I see a huge difference between now and 10 years ago, I think that a decade ago extreme poverty was generally the result of a complex situation, often because of debt, health difficulties, mental heath etc. Today I think that we have a huge number of people in poverty. Homelessness is visibly much higher, over a million people access food banks, the idea of charity preventing malnutrition in such a rich country, it's baffling.
I think that there has been a clear transfer of wealth from the poor to the rich, the banking crisis hit us harder than most countries as so much tax was being paid by those working in finance. The decision to cut public spending so hard and not to raise taxes for the wealthiest has resulted in huge difficulties.
The government has done nothing to address the housing crisis in any meaningful way, councils are unable to borrow to build new housing, supply of social housing is woefully inadequate. On top of this private renting is not properly regulated, one of the reasons people in Germany are happy to rent isn't some greedy British desire to own a house, its because the rental regulations there mean that people are not as vulnerable to be kicked out at a moments notice, people feel secure in rented accommodation, in the UK this isn't the case. Part of the issue with rented regulation is that half the MPs are landlords, because when they were stopped from claiming mortgage interest they rented out their mortgaged second properties so they could continue to profit from the housing boom and claim rent from expenses. Obviously them all benefiting from rising house prices is also a disincentive to sort out obscene price of property.
When Thatcher introduced right to buy we had a surplus of council houses (can you imagine).
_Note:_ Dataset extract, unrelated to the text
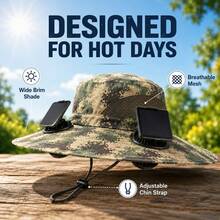 XinKe Solar Fan Cap, UV Resistant Outdoor Wide Brimmed Fisherman's Cap, With 180 ° Adjustable Fan, UPF50, USB And Solar Power Supply, Suitable For Beach, Camping, Outdoor, Fishing - A - 查看 3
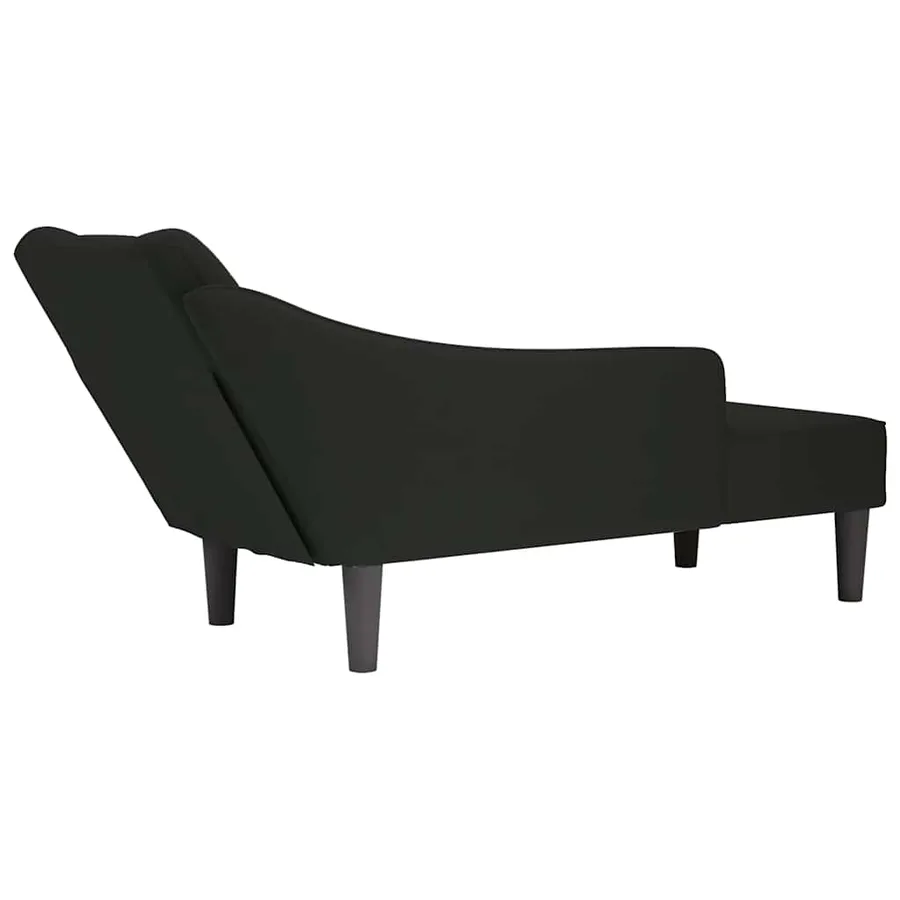 Fauteuil long avec accoudoir droit noir velours - 6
The policy of 'making work pay' has obstensivly worked, although rather than making working more attractive, they've made benefits so awful that a zero hours min wage contract is more attractive. The problem with the gig economy is that fewer workers are paying any tax and more of them need benefits. If we don't tax the corporations either then we don't have money for services.
Someone mentioned school places, the problem here is that councils although responsible for ensuring enough school places are available are not able to build any schools. They instead have to liaise with academies and persuade them to expand as needed. Free schools have sucked resources from the system and aren't required to be set up in places that actually need a new school. Academy chains also seem to have creamed off some serious money for their directors.
The NHS isn't suffering because of migration, but from a lack off it, 100,000+ vacancies across the service, obviously removing training bursaries isn't helping either. 10 years ago it was fully staffed and relied on the good will of its staff contributing 1000's of hours work for free, today it is becoming dangerous I fear.
What baffles me is how all these people who voted leave have so much faith in the government. For all it's faults the EU has held the UK government to account on pollution, improved workers rights and funded projects in the most deprived areas of the UK.